She runs the same path that the feet of legends once graced. Carrying what was passed to her. And we, the great cloud of witnesses, we roar, both remembering and hoping. Watching the time, knowing that records will be broken, proud that our children will break them.
And we rise. We all rise and cheer and as our children get ready to move ahead, to take the lead. "Wooooo! Wooooo! Wooooo!"
We watch as we have every year. And they run and jump and throw and vault and occasionally -- they fall. Tripped by the foot of another or by their own missteps, they fall to the ground of this hallowed track. Be they Olympic star or teenage unknown, we all gasp.
The runner has a choice. Stay down and grieve what may have been or get up and keep running.
The Penn Relays -- which bless Franklin Field every last weekend of April -- have replayed this scene an innumerable amount of times over the course of its 119 years. The runner who has looked forward to this race all season long is only asked to move the baton 100 or perhaps 400 meters and pass it along to their brother or sister. But each year, someone's path is not run unencumbered, and they trip and fall down in front of the thousands of spectators in attendance.
And I sit in the metal stands with eyes that cannot help but well up, unsure whether they will be sad or happy tears. Sad if she stays down and is forced to carry that burden for the entire bus or plane ride home. But perhaps they will be happy tears if she gets up and keeps running amidst the pain and amidst the setbacks.
She keeps running.
For me this year, The Penn Relays are arriving right on time. Sports in a sense can provide a kind of escape like other forms of entertainment. But at their best they can serve a greater purpose than simple distraction or a fun pastime. Sports, or more specifically athletes can provide inspiration. They can bring hope. That is what The Relays will be this week for me.
Seeing so many women and men running, it will be difficult not to think of the tragedy that occurred at this year's Boston Marathon. One of the images from that painful afternoon that has stayed with me is of an older runner who was wearing an orange top and black shorts who immediately after the first explosion, fell to the ground just a few steps before the finish line. Our nation fell down with him as we, whether in Boston or not, also felt the impact of the terrifying blast.

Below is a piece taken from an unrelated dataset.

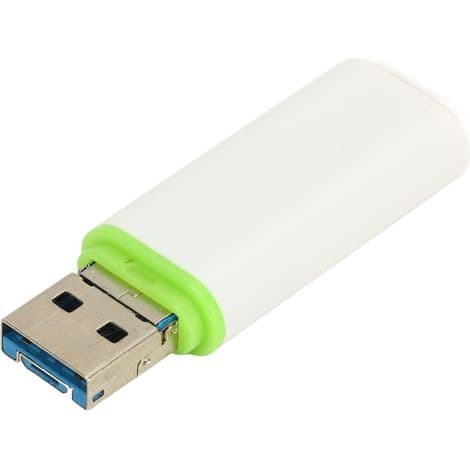 Kannettava 2,4 GHz:n Wi-Fi-estolaite, USB Bluetooth -häiriönestolaite, käyttövalmis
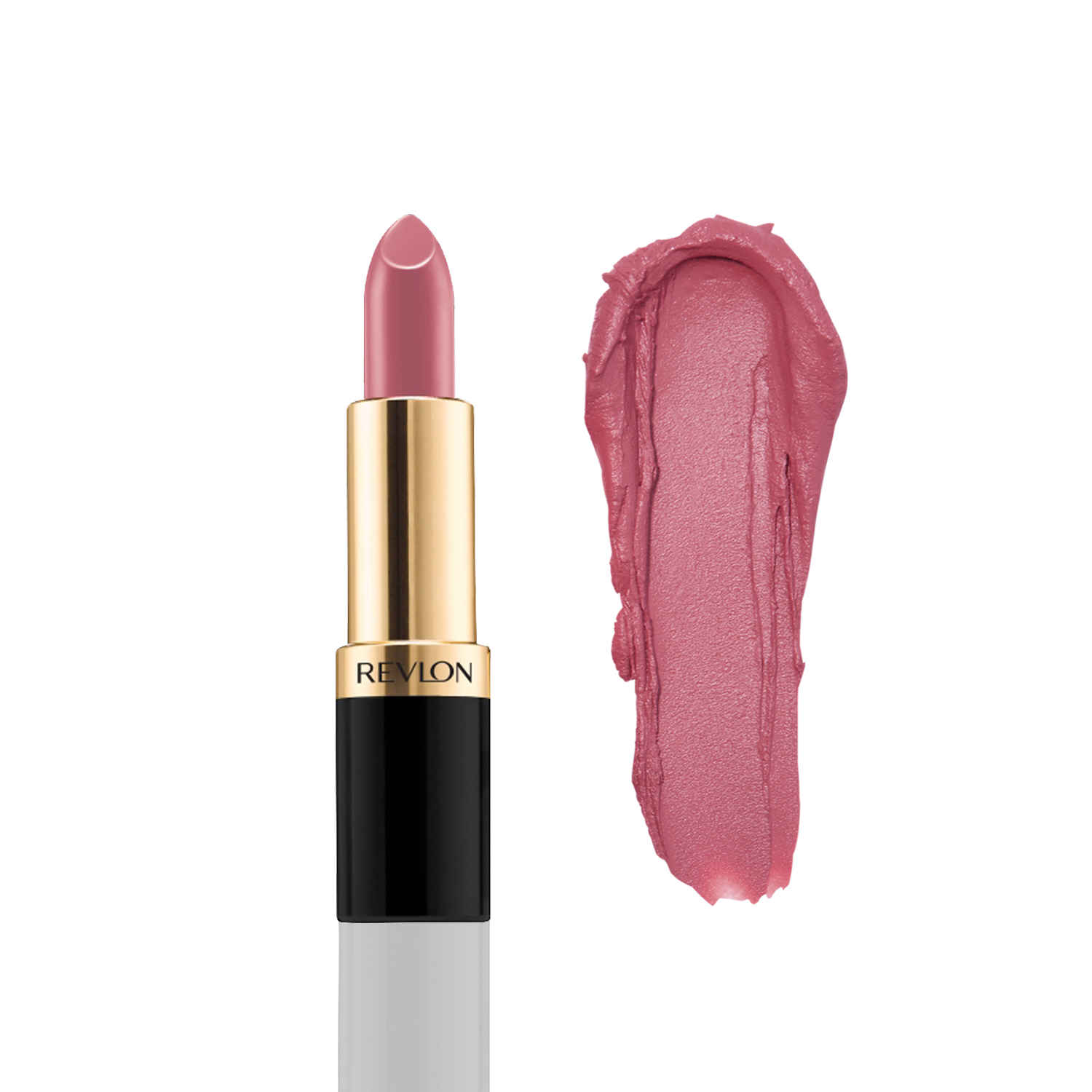 Buy Revlon Super Lustrous Lipstick ( Matte )- Rise Up Rose - Purplle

It's not easy getting back up after being knocked down like that. But we have.
To me this is the spirit of The Penn Relays. It's not the speed which inspires me the most each year, it's the heart that I see displayed. Seeing a 400 meter runner catch up with and race around a competitor will get us all Wooing in unison. And dashing towards a meet, U.S. or World Record will certainly bring out the shaking heads and the "Did you see that" refrains from the old men in the stands with the stopwatches. But it takes the heart of an athlete who gets up after falling, who still gives their best even when they are in last place, who can draw from wells previously unknown and muster the courage and energy necessary to will their tired legs back into the race, to truly move and inspire the crowd.
This is what has brought me back year after year ever since my dad first brought me as child. Eventually I had my own chance to run in the relays. And I remember feeling a terror that was nearly paralyzing. All of our track meets back home in Baltimore had 30-ish people watching. At The Relays we were running in front of 50,000. Likewise, having been to the famous Philadelphia meet, I knew just how fast the competition was going to be. Terror.
But with the help of great coaches and brave teammates, I made it to the track and ran the third leg successfully getting the baton to Terrance who finished the race for us.
Running through terror takes courage. It takes teammates who will run along side of you. It takes an awareness of the great cloud of witnesses who are cheering us along. And it takes a runner who will keep running even after they fall. I am proud of not only our running community but our entire nation who has kept running after we were tripped up in Boston. Terror has not stopped The Penn Relays from happening. It won't stop the Boston Marathon from running again next year. And it won't paralyze us with fear as a nation or world. We must keep running. Our children are waiting for the baton.